Checkpointing

Long-running pipelines fail. Networks drop, machines reboot, dependencies crash. Without checkpointing, a failure at step 95 of 100 means re-running all 95 successful steps. dagron's CheckpointExecutor saves progress to disk after each node completes, so you can resume from exactly where you left off.

Concepts

Checkpoint directory

The CheckpointExecutor writes checkpoint files to a directory you specify. Each file records the status and result of a completed node. On resume, the executor reads these files, skips already-completed nodes, and picks up from the first incomplete node.

Execute / resume cycle

First run: call .execute(tasks). If everything succeeds, checkpoint files are cleaned up automatically.
Failure: some nodes fail. Checkpoint files for completed nodes remain on disk.
Resume: call .resume(tasks). The executor reads the checkpoint, skips completed nodes, and retries the failed and remaining nodes.

Checkpoint info

The .checkpoint_info() method returns metadata about the current checkpoint state: which nodes are completed, which failed, and what the last run time was.

Basic usage

import dagron
import time

dag = (
    dagron.DAG.builder()
    .add_edge("extract", "transform")
    .add_edge("transform", "validate")
    .add_edge("validate", "load")
    .add_edge("load", "notify")
    .build()
)

Five-step pipeline.

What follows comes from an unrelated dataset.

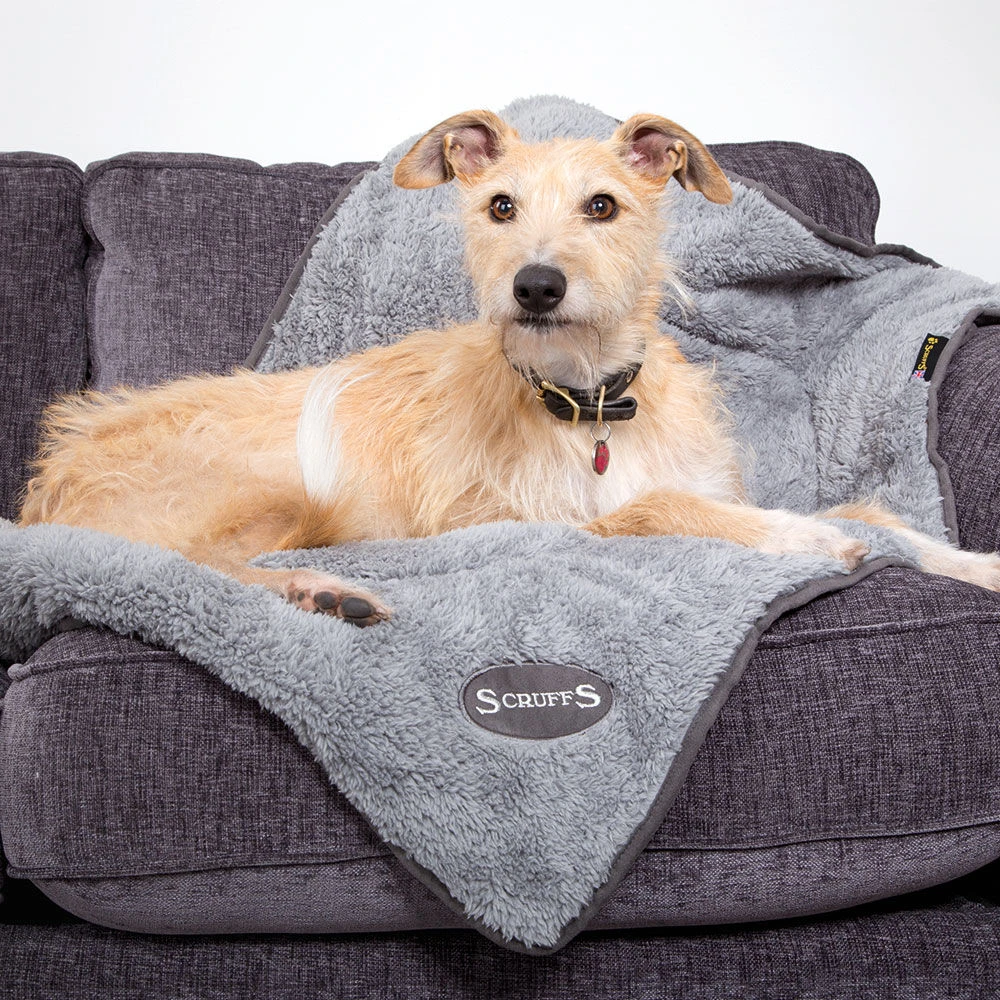 Scruffs® Cosy Hondendeken - Image 3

We will simulate a failure at the 'load' step.

First run with a failure

call_count = 0

def flaky_load():
    """Simulates a task that fails on the first attempt."""
    global call_count
    call_count += 1
    if call_count == 1:
        raise ConnectionError("Database connection lost")
    return "loaded 1000 rows"

tasks = {
    "extract": lambda: time.sleep(2) or "extracted 1000 rows",
    "transform": lambda: time.sleep(1) or "transformed",
    "validate": lambda: "all rows valid",
    "load": flaky_load,
    "notify": lambda: "email sent",
}

executor = dagron.CheckpointExecutor(dag, checkpoint_dir="/tmp/pipeline_checkpoint")
result = executor.execute(tasks)

print(result.succeeded)  # 3 (extract, transform, validate)
print(result.failed)     # 1 (load)
print(result.skipped)    # 1 (notify)

After this run, the checkpoint directory contains files for the three completed nodes:

Node	Status	Checkpointed?
extract	completed	Yes
transform	completed	Yes
validate	completed	Yes
load	failed	No
notify	skipped	No

Resume after fixing the issue

# The flaky_load function will succeed on the second call (call_count is now 1)
result = executor.resume(tasks)

print(result.succeeded)  # 2 (load, notify — the rest were restored from checkpoint)
print(result.failed)     # 0

Node	Status	Source
extract	completed	Restored from checkpoint
transform	completed	Restored from checkpoint
validate	completed	Restored from checkpoint
load	completed	Re-executed
notify	completed	Executed

On resume, extract/transform/validate are restored from checkpoint (blue). Only load and notify execute (green).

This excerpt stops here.